### What needs to be done
Could you restate word for word every line from the one containing "Panorama of high" to the end of the data below, pictures excluded?

Captioned web images

--------------------------------

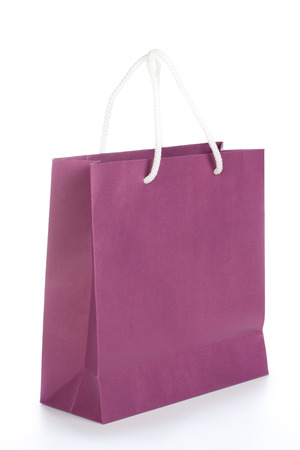 Purple paper bag with white backgroundの写真素材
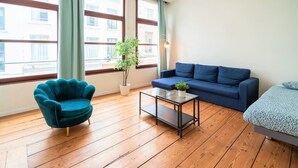 A room with a blue sofa, a teal armchair, a glass coffee table, and a potted plant. - Old town lodge Antwerp Apartment (Antwerp)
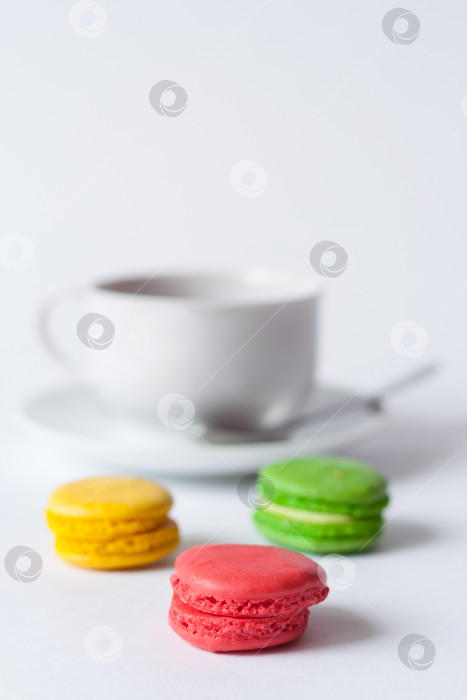 Скачать Традиционные французские разноцветные пирожные макароны на переднем плане и чашка чая на блюдце в размытом виде на белом фоне фотосток Ozero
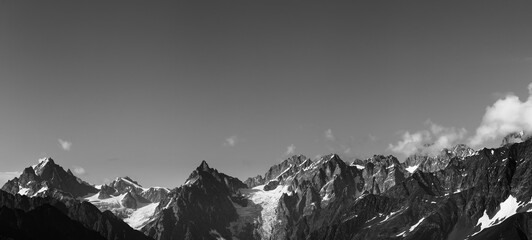 Panorama of high rocky mountains with snow and glacier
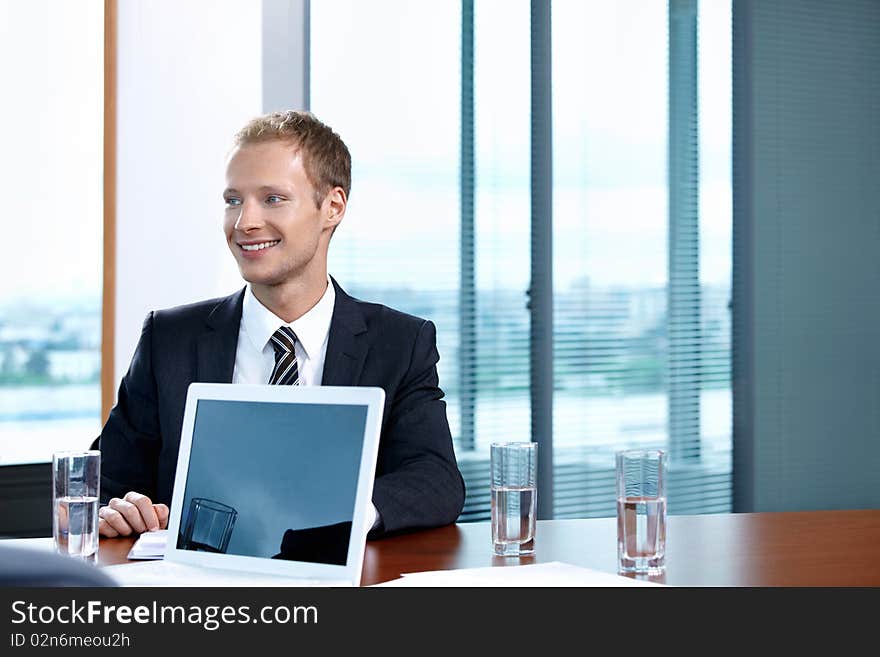 The young man in a suit with the laptop at office. The young man in a suit with the laptop at office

--------------------------------

### Answer to this task
 Panorama of high rocky mountains with snow and glacier
 The young man in a suit with the laptop at office. The young man in a suit with the laptop at office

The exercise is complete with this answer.